**WHAT TO WORK ON**
A faithful, complete transcript of the entries below, without pictures, should be returned.

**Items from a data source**
▬▬▬

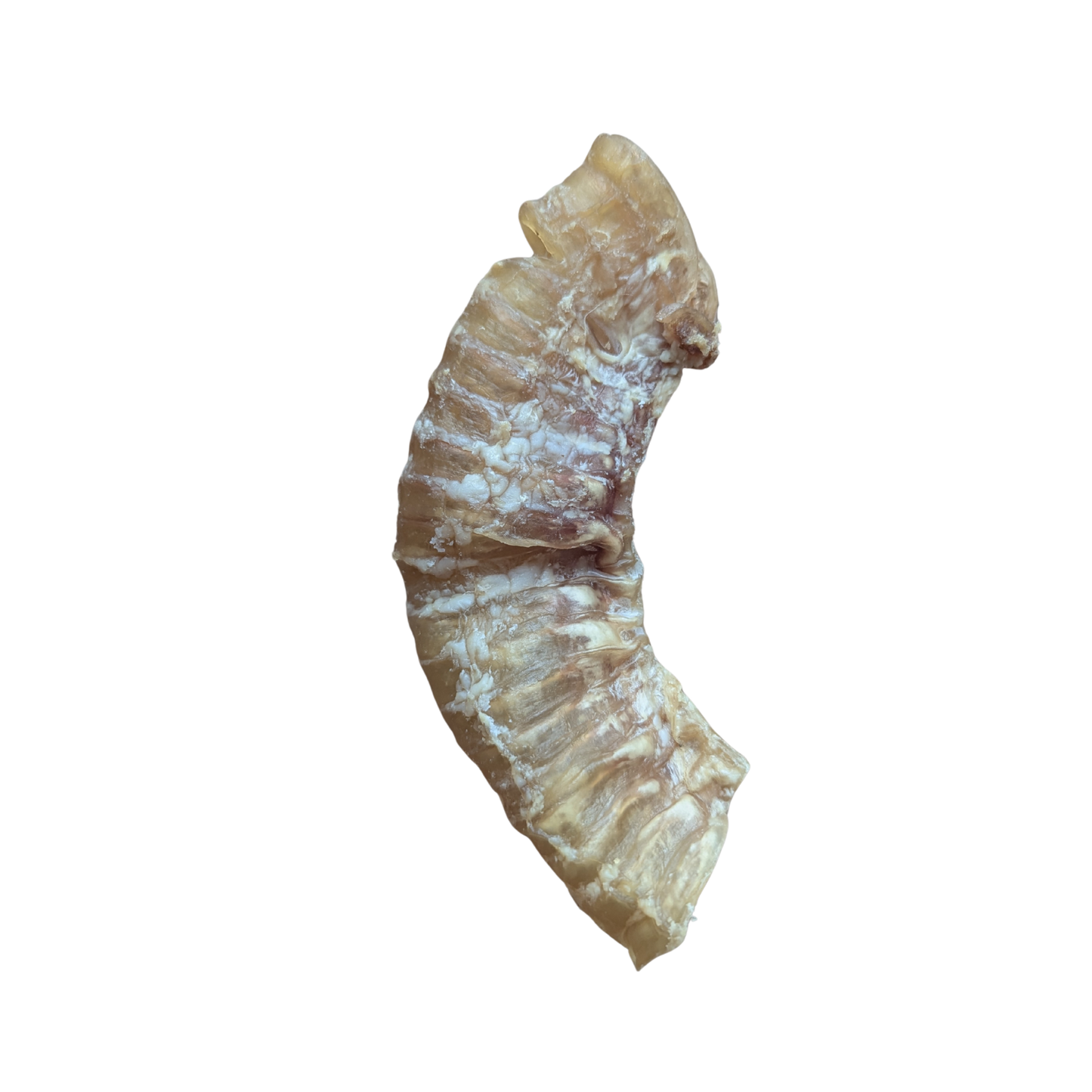 FurFun Pferde-Luftröhre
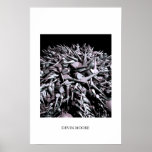 spike field 1 print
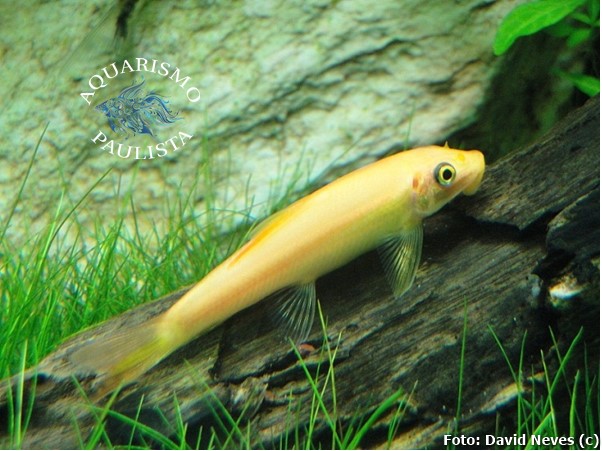 Comedor de algas Chinês (Gyrinocheilus aymonieri)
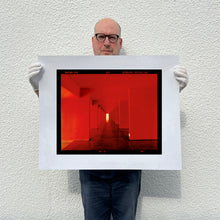 Load image into Gallery viewer, Red Dinosaur II, Milan, 2020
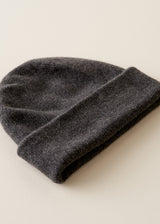 A dark charcoal gray knit beanie hat with a folded cuff, shown on a plain light beige background.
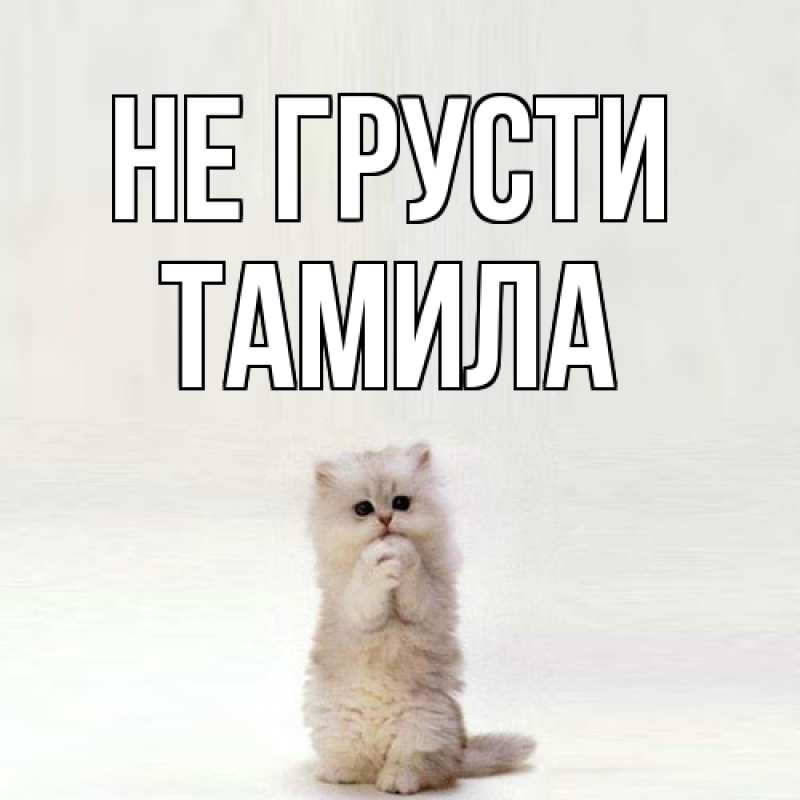Картинка Не грусти, ТАМИЛА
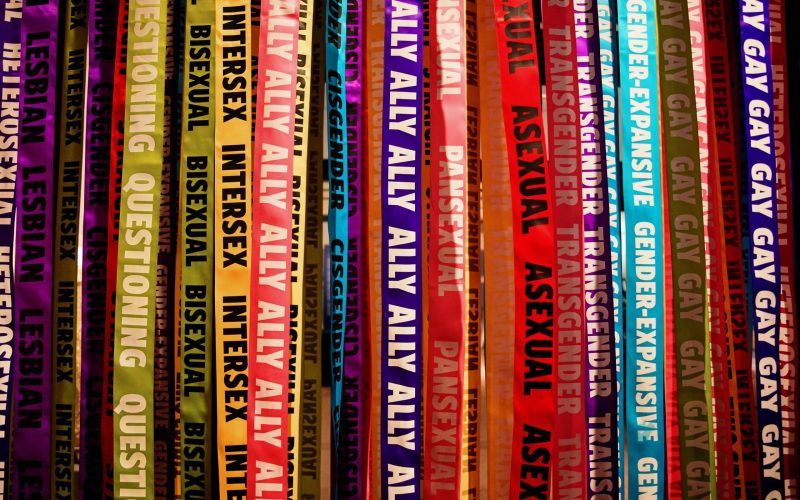 Help Fight LGBTQ+ Book Bans with Queer Liberation Library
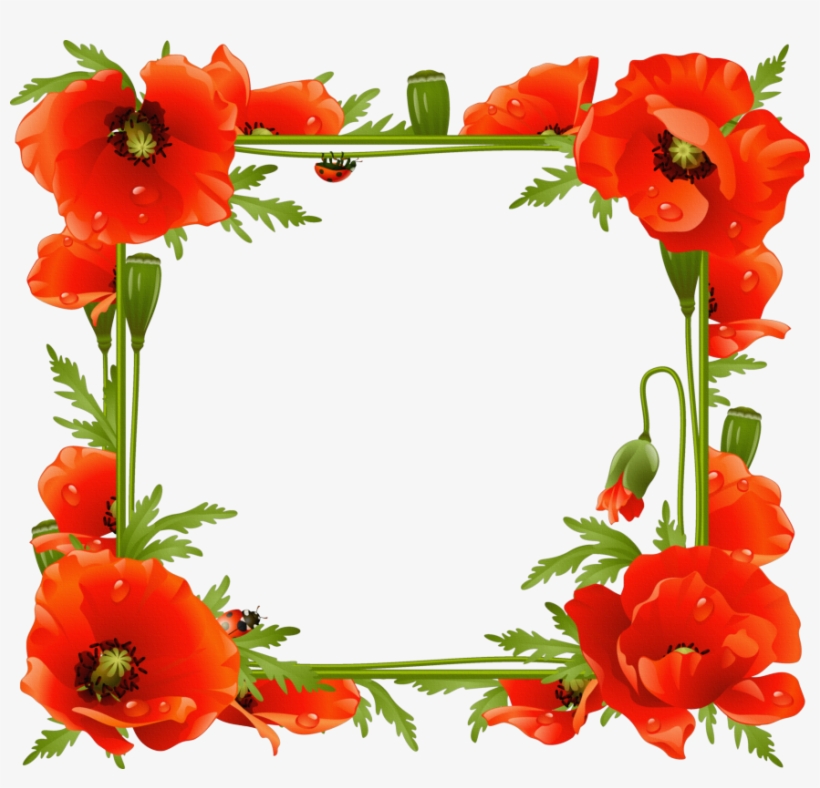 Poppy Flower Frame, transparent png #1067955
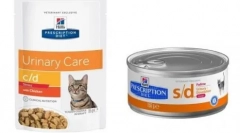 Кот-ветеринарний канал: особливості та різновиди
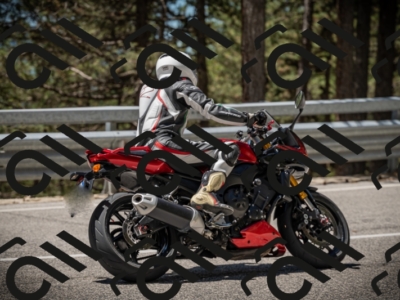 20250531122029-DSC_4474_am_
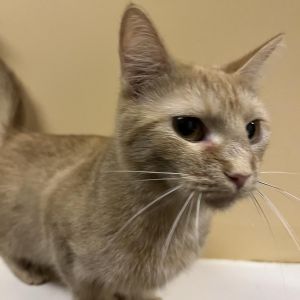 Mango, Adult Female Domestic Short Hair
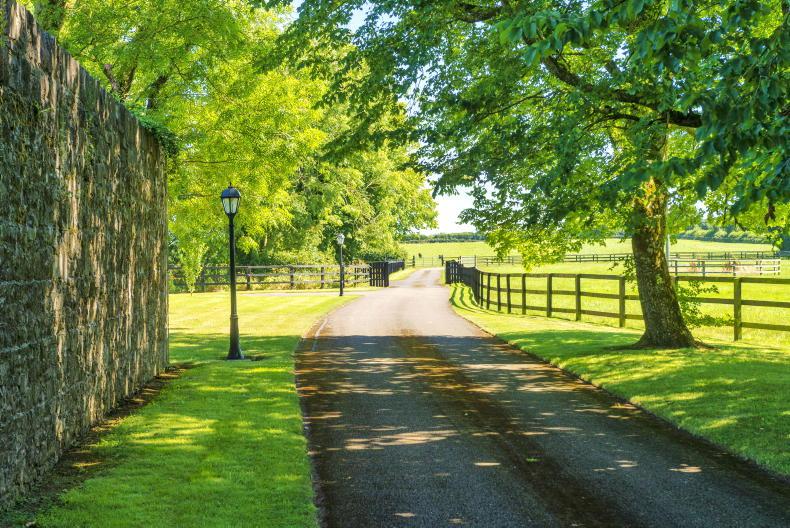 EXCLUSIVE One of Ireland’s finest stud farms for sale 16 September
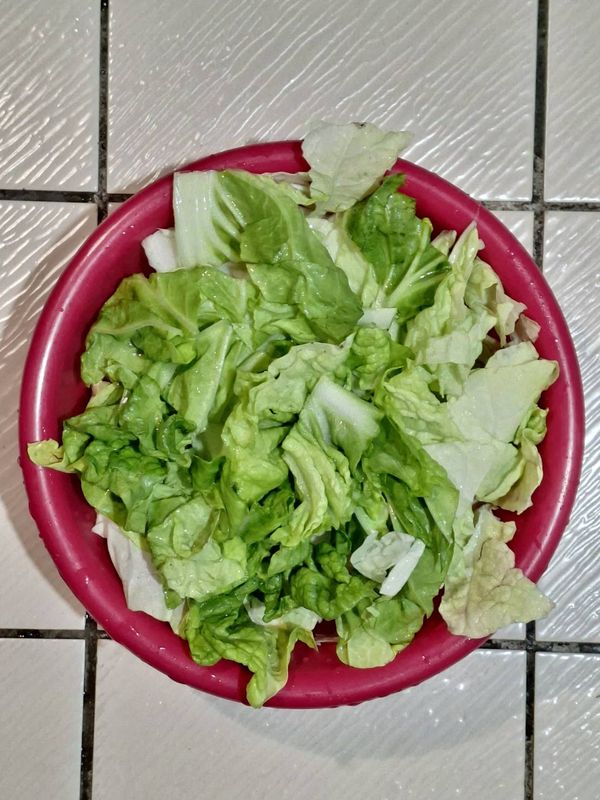 切點大白菜或白蘿蔔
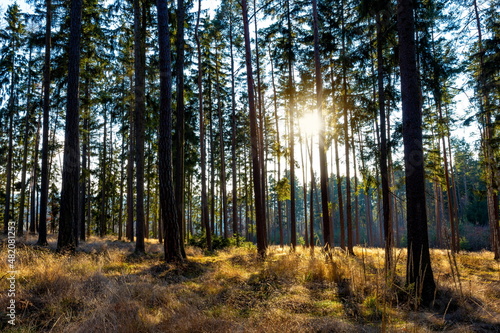 Sunny forest with pine and spruce tree.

▬▬▬

**EXERCISE OUTPUT**
 FurFun Pferde-Luftröhre
 spike field 1 print
 Comedor de algas Chinês (Gyrinocheilus aymonieri)
 Load image into Gallery viewer, Red Dinosaur II, Milan, 2020
 A dark charcoal gray knit beanie hat with a folded cuff, shown on a plain light beige background.
Картинка Не грусти, ТАМИЛА
 Help Fight LGBTQ+ Book Bans with Queer Liberation Library
 Poppy Flower Frame, transparent png #1067955
 Кот-ветеринарний канал: особливості та різновиди
 20250531122029-DSC_4474_am_
 Mango, Adult Female Domestic Short Hair
 EXCLUSIVE One of Ireland’s finest stud farms for sale 16 September
 切點大白菜或白蘿蔔
 Sunny forest with pine and spruce tree.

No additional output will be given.